None of these proposals really fulfilled Banham’s speed fuelled vision of modernity, but Spaghetti Junction has been, and remains, a free space for creative acts. Fine Rats International Under Spaghetti Junction (1993) claimed the space of a graffiti-covered service tunnel through the installation of a kitsch hair dressing salon complete with sinks, mirrors and upholstered seats. Ally Standing and Bruno Grilo’s Land of Green Silences (2016) was named after the garden closest to the junction, revealing this utopian domestic realm. Bill Drummond’s 25 Paintings (beneath Spaghetti Junction) (2014 – 2025), an unasked for ‘major’ public work of art (grid reference 52.509743 North - 1.862424 West), is proposed as a hub for critical works that challenge tribalism, convention, celebrity, nationality and identity.

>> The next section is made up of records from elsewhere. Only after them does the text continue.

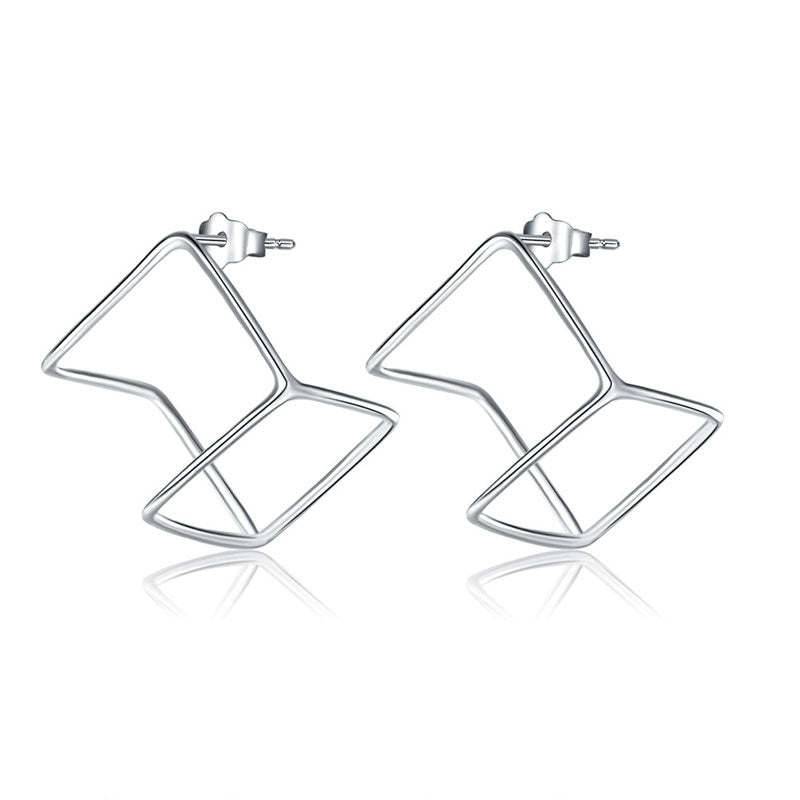 Cube Stud 925 Sterling Silver Earrings Fashion Stylish - View 3 | SelinJewels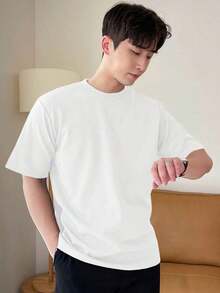 Hombres Camiseta unicolor de cuello redondo - Blanco - Ver 1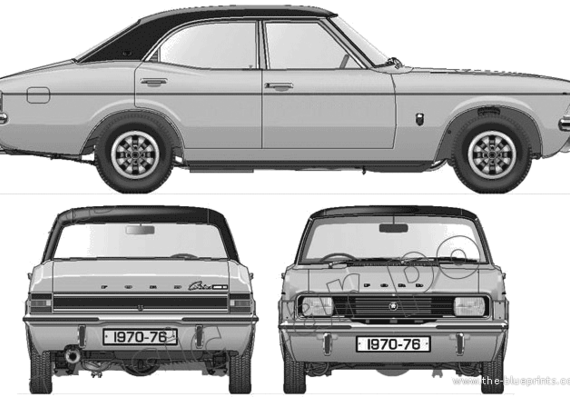 Ford Cortina Mk.III 2000E (1976) - Форд - чертежи, габариты, рисунки автомобиля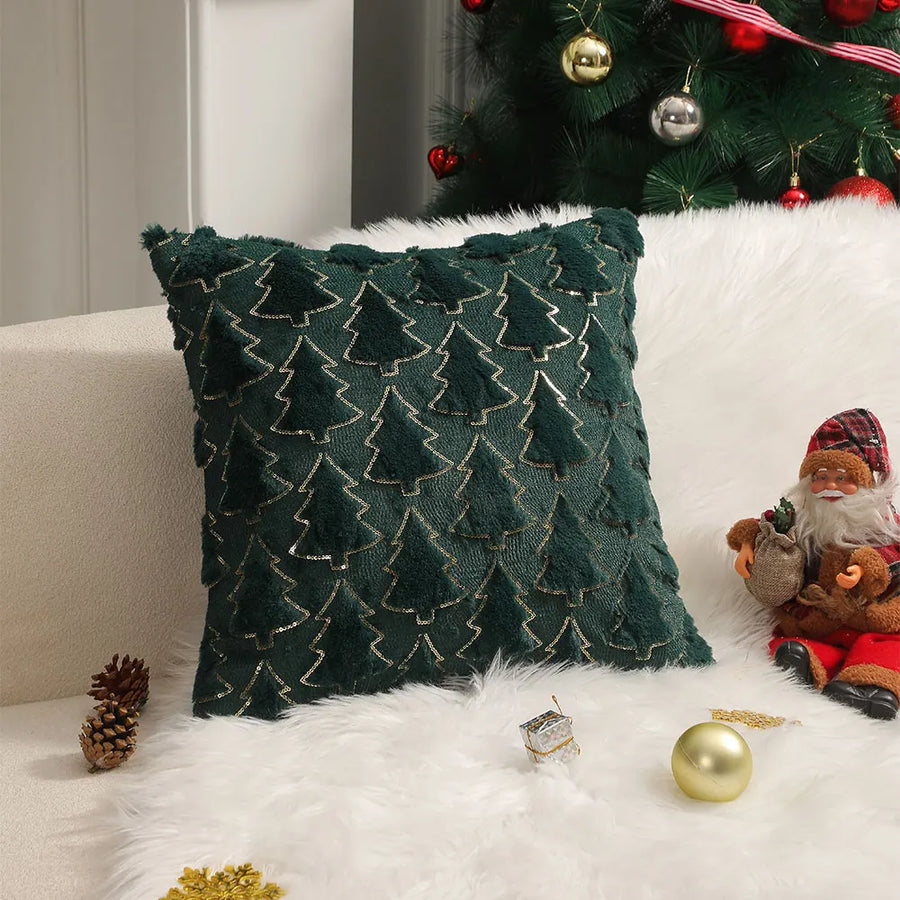 Plush Christmas Tree Cushion Cover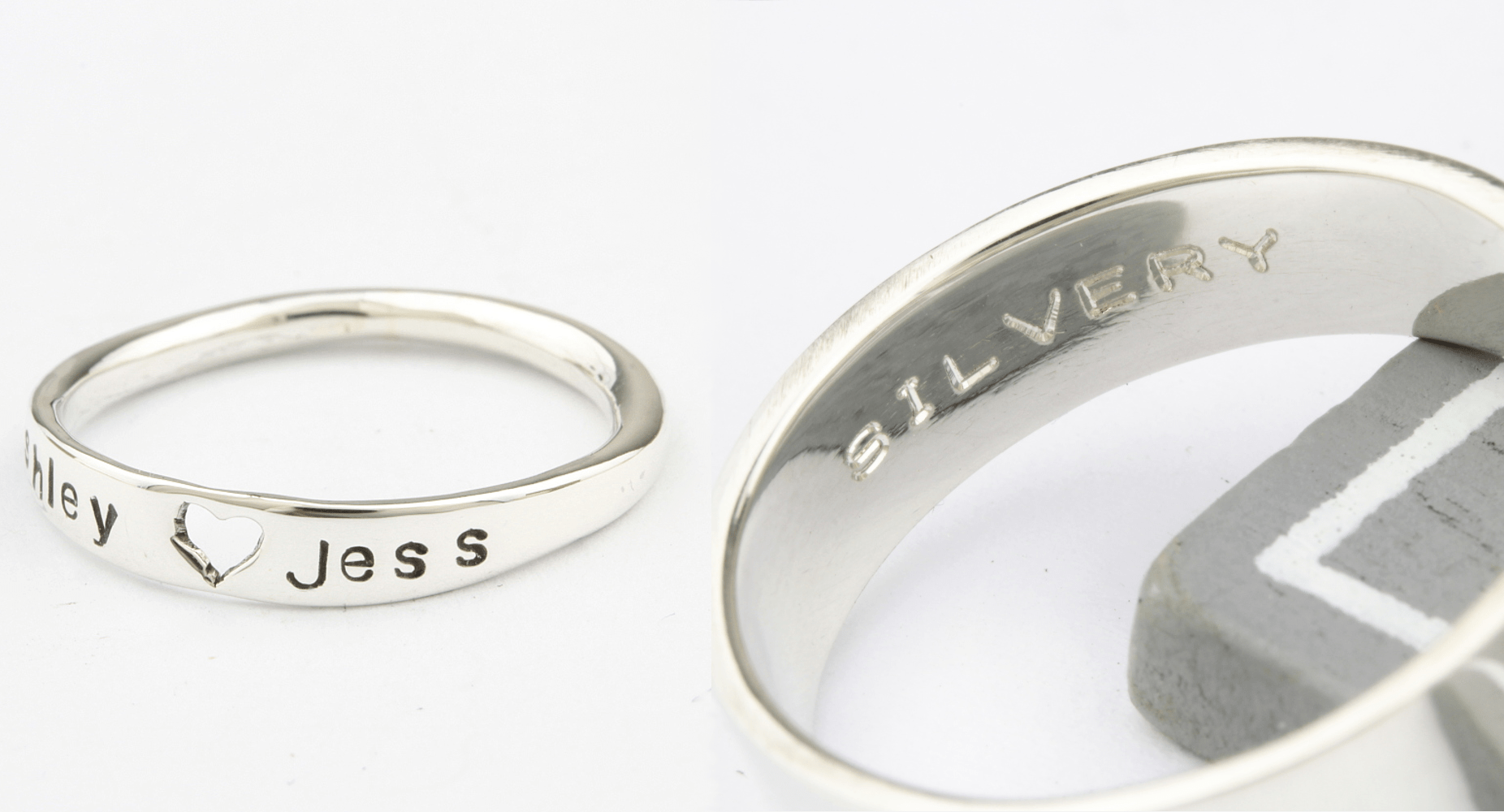 Sterling Silver Engraved Rings2 Silvery Jewellery Personalised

Gravelly Hill Interchange then has come to represent the multiple identities and imaginations of the city – a world-beating wonder; an assemblage of sculptural forms; a fantastical filmset-like location; a local coup and municipal fanfare; a free space for open dialogue on the state of contemporary society. With the changes brought about by new energy and communication technologies together with the legacy of the global pandemic, the strident modern spirit with which Gravelly Hill Interchange was first conceived can no longer be called upon. Perhaps its cultural calling is its future.